Did Doherty achieve his purpose? No! Instead of reasoned refutations, truthful representations, and intellectual integrity, Doherty used shallow argument and deficient reasoning; special pleading; and techniques that are fundamentally misleading and violate intellectual integrity.

However, before establishing these failures of Doherty, his accomplishment in his book needs to be verbalized. Doherty unknowingly revealed the inability of evidential apologetics to answer his deep rooted and real problem with Christianity, namely, that the God of Christianity is unjust and His method of atonement is both illogical and immoral. Doherty said, “Should we not expect a just Deity to fashion a punishment fitting the crime? . . . What, after all, was Adam and Eve’s purported ‘sin’? Eating fruit, even a forbidden one, hardly sinks to the depth of depravity” (124). A few pages later Doherty said, “But why did he require such an ultimate sacrifice in order to forgive humanity its sins? Is there not, indeed, some logical if not moral contradiction in ‘redeeming’ men of sins like murder through an act of murder on their part?
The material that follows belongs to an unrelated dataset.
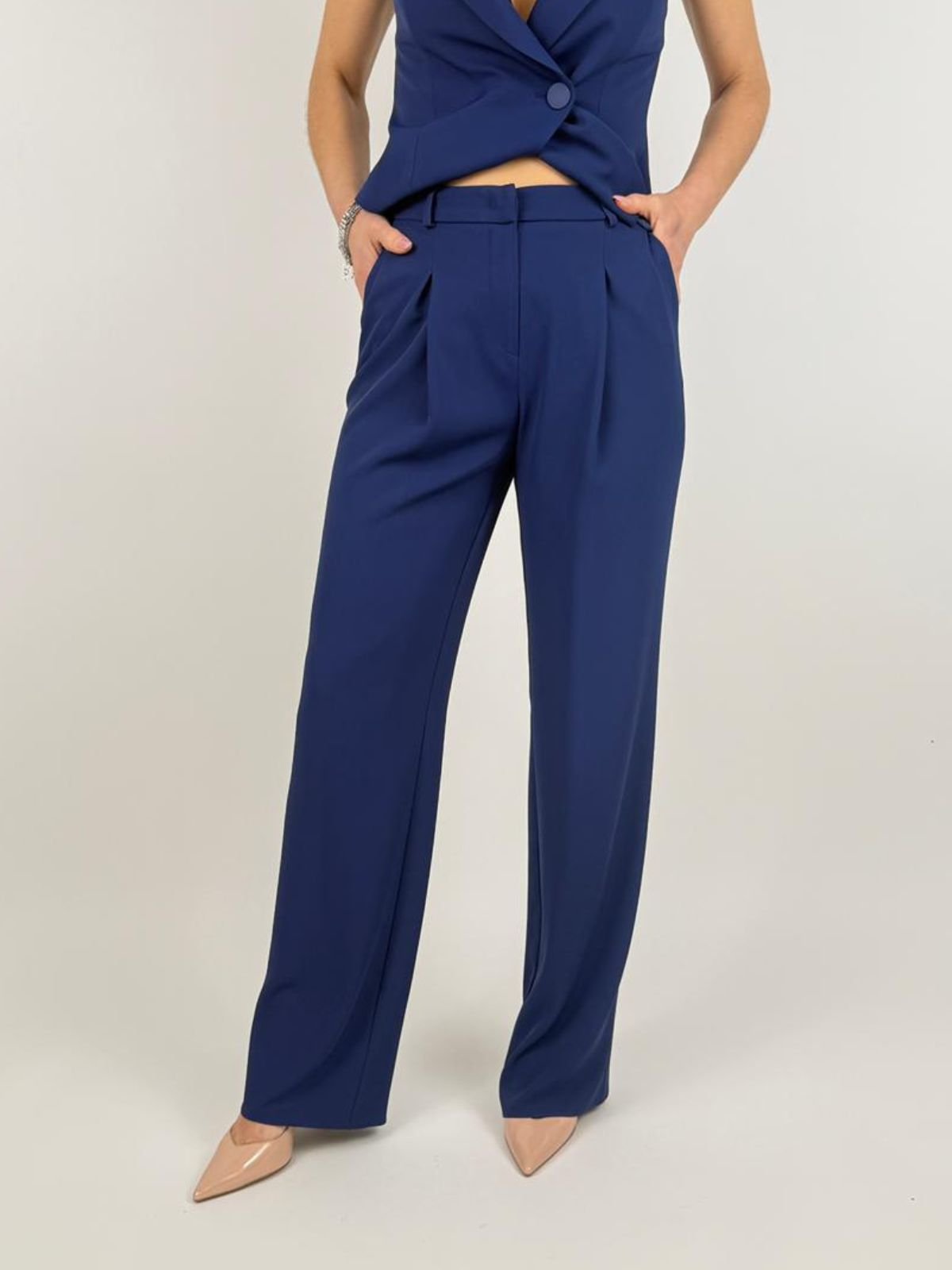 Rinascimento - Pantalone Ampio Con Pence - Donna - World Fashion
Why did he not embody the act of redemption in something more exemplary, perhaps by having Jesus perform a few thousand hours of community service? What a moral example that would have set” (126). No amount of external evidence can give an answer to these objections. God’s revelation of the meaning of these facts is needed to answer Doherty’s deep rooted and real problem with Christianity.

The failures of Doherty are threefold: (1) he failed to provide reasoned refutations, (2) he failed to provide truthful representations, and (3) he failed to provide intellectual integrity.
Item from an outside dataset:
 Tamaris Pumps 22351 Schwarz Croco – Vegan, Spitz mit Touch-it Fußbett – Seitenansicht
Instead of reasoned refutation, Doherty resorted to shallow argument and deficient reasoning. Doherty attempted to prove that changes have been made to the original text (also called by Doherty both original eyewitness accounts and source material) of which he admits we do not possess (7) through the postulated source document known as Q (12) of which he admits that we do not actually possess a copy of it (85). We do have copies of the Gospels; we do not have a copy of Q; and Doherty expects us to believe that he is demonstrating through reasoned refutation that the evangelists made wholesale changes to their source material (7). No thanks! I am not into myths.

Instead of truthful representations, Doherty resorted to special pleading. Here Doherty attempted to prove that the Scriptures are inconsistent and contradictory (145). Doherty presumed from the outset a fixed interpretation of the Gospels (146) to show them inconsistent and contradictory. He especially pitted the Gospel of John against the synoptic Gospels. Here is one of Doherty’s representations of inconsistency and contradiction in the Scriptures: the synoptic Gospels record that Jesus stumbled while carrying His cross to Calvary because of His weakened condition and had to receive help by Simon of Cyrene to carry His cross. Yet John’s Gospel says, “He went out, bearing his own cross” (John 19:17). Because of this Doherty said, “Yet another indicator, by the way, that John is fashioning his Jesus character the way he wants him, and not the way any tradition said” (151). ROFL – that means that I am “rolling on floor laughing.” Does “he went out bearing his own cross” contradict the other Gospels that record he began the journey carrying his own cross?

However, that is not the thrust of Doherty’s argument to truthfully represent the inconsistencies and contradictions in the Scriptures. To make his case, Doherty attempted to show that the Gospel of John is inconsistent with and contradicts the synoptic Gospels by claiming that the Gospel of John does not portray Jesus’ death as an atoning sacrifice for sin (17). Doherty’s argument rests on the assumption that the Lord’s Supper in John 13 is not the same as the Lord’s Supper in the synoptic Gospels because it lacks the Eucharist elements (229). But wait! The Gospel of John establishes that Jesus is the fulfillment of the Old Testament sacrificial system beginning with Him as the tabernacle (John 1:14), the Lamb of God who takes away the sin of the world (John 1:29), and proceeds to Him making atonement on the Mercy Seat (John 20:12 compare to Exodus 25:18).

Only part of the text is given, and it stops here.